What Makes Bacteria So Happy? Staph Takes Flight in Space

July 6, 2011

"Space Shuttle Atlantis"

Staphylococcus aureus bacteria Plans a Trip to Space on the Space Shuttle Atlantis

If you’re looking for something fun and interesting to read today, you should take a look at Michael Lemonick’s article “Supergerms, On Board the Final Shuttle: Studying Why Bacteria Thrives in Space.”  The article appears today in the online Science edition of Time, July 6, 2011.

This is a fascinating article about NASA’s plans to send eight vials of Pseudomonas aeruginosa or Staphylococcus aureus bacteria along for the ride when the space shuttle Atlantis takes off on Friday for the shuttle program’s final flight.

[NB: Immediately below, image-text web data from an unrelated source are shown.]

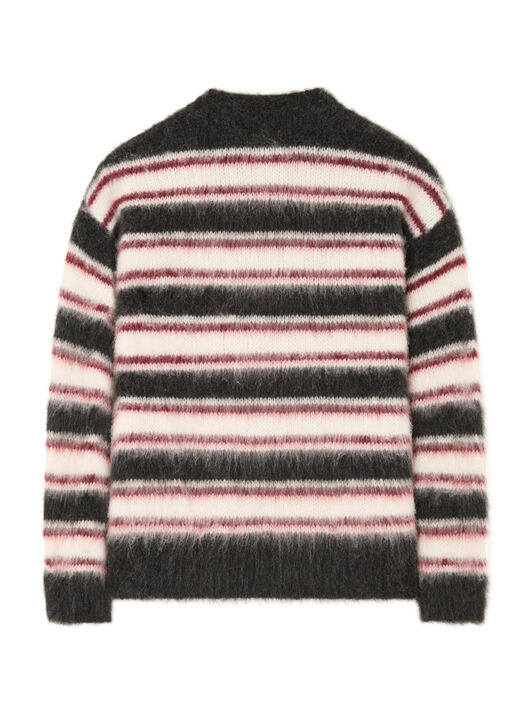 Alanui Grunge Stripes Sweater Charcoal-Ruby LWHE068E25KNI003 Alanui Grunge Stripes Sweater Charcoal-Ruby LWHE068E25KNI003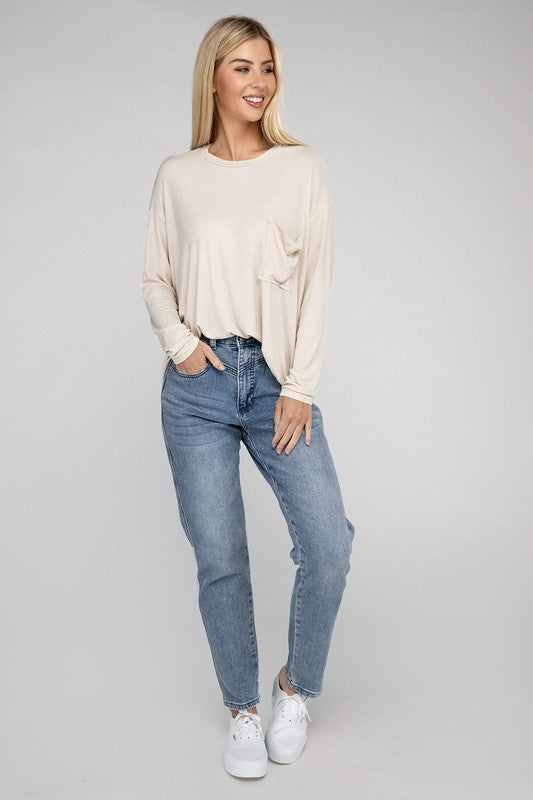 Zenana Color Washed Chest Pocket Long Sleeve T-Shirt in 3 Colors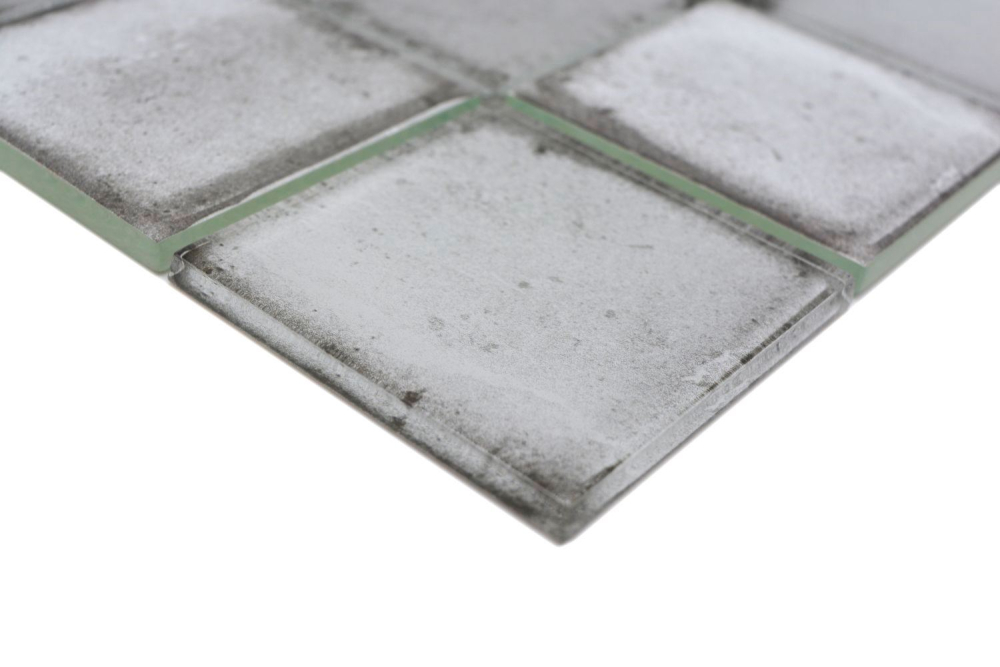 Mosaique Carre Mosaique de verre Cement Style light grey Translucide Aspect ciment gris clair brillant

[Cynthia] Collins and [Jon] Dordick are scientists at Rensselaer Polytechnic Institute in Troy, NY. — a microbiologist and a nanotechnologist, respectively — and when the space shuttle Atlantis lifts off on Friday for the shuttle program’s final flight, their experiment could be crucial to the health of future astronauts. There’s evidence from earlier spaceflights that virulent bacteria such as E. coli and salmonella can grow stronger and faster in microgravity. Given enough time, they can form biofilms, slimy mats of bacteria that are highly resistant to antimicrobials. If the films get inside the body, riding on catheters or other medical equipment, the human im[m]une system may be powerless against them. That’s true even when the immune system is functioning at its best, but in space, for reasons nobody fully understands, the body’s disease defenses are weaker.

The shuttle mission will last one week.  The plans are to compare “how the space- and ground-based samples grow,” to determine “what it is about microgravity that makes bacteria so happy.”  The researchers will be modulating oxygen, nutrients, and other factors.